Al final, después de una larga sonrisa, apareció esa pieza faltante.

– Me gustaría contarte una cosa. Pero... no sé, lo mismo me tomas por una majadera.

– Será muy difícil, pero puedo intentarlo.

Pasados unos instantes, ella rompió un silencio mantenido ad libitum.

– Hace un par de meses, algo menos, hice una excursión a Oxford en el tren más barato, ese que hace una parada en Reading. Cuando hizo el alto dejé el libro con que me estaba aburriendo y me dediqué a observar el ir y venir de la gente por el andén.

«En esto, me fijé en un fulano que me miraba sin pestañear, como nadie lo había hecho. Bueno, excepto... Era un joven alto, atildado, aunque con un toque extravagante. Parecía simpático, atrayente, deliciosamente tonto. Me miraba como a una aparición, como si fuese la primera mujer que hubiera visto en su vida. Y me sonreía. Me gustaba aquella mirada, una mirada sincera y cortés, una mirada cálida, de ojos muy oscuros, vehemente, inquisitiva. De repente se puso las gafas. ¡Qué gracia! Parecía... ¿Qué parecía? No sabría decirlo. Pero le daba cierta ternura. Creo que me eché a reír al verle con las gafas, atolondrado y confuso. Fue una sensación cálida.

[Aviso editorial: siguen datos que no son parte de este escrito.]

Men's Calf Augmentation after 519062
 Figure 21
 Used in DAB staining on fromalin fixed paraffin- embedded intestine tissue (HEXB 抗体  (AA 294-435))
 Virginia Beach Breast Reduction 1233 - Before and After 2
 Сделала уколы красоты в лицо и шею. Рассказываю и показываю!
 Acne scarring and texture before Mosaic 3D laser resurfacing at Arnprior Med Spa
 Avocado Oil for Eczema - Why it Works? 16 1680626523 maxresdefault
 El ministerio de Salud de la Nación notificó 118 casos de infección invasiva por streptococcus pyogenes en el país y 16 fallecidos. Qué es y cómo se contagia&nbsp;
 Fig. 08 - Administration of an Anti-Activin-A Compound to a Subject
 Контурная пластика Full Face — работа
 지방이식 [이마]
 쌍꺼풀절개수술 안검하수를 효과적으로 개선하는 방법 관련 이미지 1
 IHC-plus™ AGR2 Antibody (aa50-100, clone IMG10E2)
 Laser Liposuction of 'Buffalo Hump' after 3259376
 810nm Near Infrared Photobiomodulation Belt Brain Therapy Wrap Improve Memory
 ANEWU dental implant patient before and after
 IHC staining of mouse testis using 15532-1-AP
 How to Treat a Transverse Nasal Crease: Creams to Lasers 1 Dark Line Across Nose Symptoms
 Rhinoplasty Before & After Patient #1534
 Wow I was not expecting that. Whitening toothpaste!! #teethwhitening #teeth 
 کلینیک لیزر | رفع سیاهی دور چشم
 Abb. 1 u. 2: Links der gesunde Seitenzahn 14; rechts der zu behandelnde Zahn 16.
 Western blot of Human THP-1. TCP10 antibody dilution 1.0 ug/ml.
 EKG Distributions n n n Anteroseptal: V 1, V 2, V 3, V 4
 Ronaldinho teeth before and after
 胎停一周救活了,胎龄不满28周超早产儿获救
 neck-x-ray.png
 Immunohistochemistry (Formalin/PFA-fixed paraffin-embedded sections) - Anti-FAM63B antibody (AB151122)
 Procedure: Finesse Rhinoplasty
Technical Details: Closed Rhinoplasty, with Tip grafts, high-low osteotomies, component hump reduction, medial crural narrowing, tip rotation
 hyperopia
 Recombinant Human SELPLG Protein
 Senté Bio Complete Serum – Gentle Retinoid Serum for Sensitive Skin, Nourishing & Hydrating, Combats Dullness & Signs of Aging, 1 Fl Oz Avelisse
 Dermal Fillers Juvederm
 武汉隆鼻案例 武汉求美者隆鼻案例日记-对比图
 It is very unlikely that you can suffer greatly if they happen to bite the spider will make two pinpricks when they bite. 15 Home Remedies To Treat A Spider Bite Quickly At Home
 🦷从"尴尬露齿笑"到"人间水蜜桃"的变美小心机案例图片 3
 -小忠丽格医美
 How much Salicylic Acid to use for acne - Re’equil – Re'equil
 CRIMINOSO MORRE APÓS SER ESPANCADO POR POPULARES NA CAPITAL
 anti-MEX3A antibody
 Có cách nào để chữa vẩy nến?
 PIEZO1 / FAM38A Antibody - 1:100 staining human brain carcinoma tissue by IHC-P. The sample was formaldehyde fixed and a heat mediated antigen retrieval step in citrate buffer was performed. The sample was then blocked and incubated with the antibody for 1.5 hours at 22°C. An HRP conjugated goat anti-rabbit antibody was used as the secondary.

«No sé lo que duró... pero durante ese tiempo me sentí, y no te rías, me sentí enamorada como una tonta. Qué simpleza, ¿no? Creo que por eso intenté disimular mi desencanto cuando el tren se puso de nuevo en marcha y yo sin apearme un breve instante a ofrecer mi pañuelo al príncipe azul, mi príncipe azul. Y sin que el muy bobo subiera a ese corcel de hierro siquiera a pronunciar amorosamente mi nombre –dijo con teatralidad–. Cuando arrancó el tren de nuevo hizo un amago de levantar su mano, como si quisiera despedirse. Como si no quisiera hacerlo. Hasta que le perdí de vista.

Pero ahí no acaba todo –prosiguió mientras daba media vuelta y entraba en la casa–. Da la casualidad de que... yo creía conocer a esa persona, en cierto modo. No, en cierto modo no, absolutamente.

Él calló. O, mejor dicho, enmudeció durante horas, tratando de elucidar si estaba soñando o si esas cosas, por lo visto, sucedían todos los días.

Micaela recobró su aire travieso. Desapareció por la puerta y, antes de cerrarla, asomó la cabeza.

– Ah, claro. Te lo estarás preguntando ¿Y mañana? Mañana, a cualquier hora. Te estaré esperando. Buenas noches.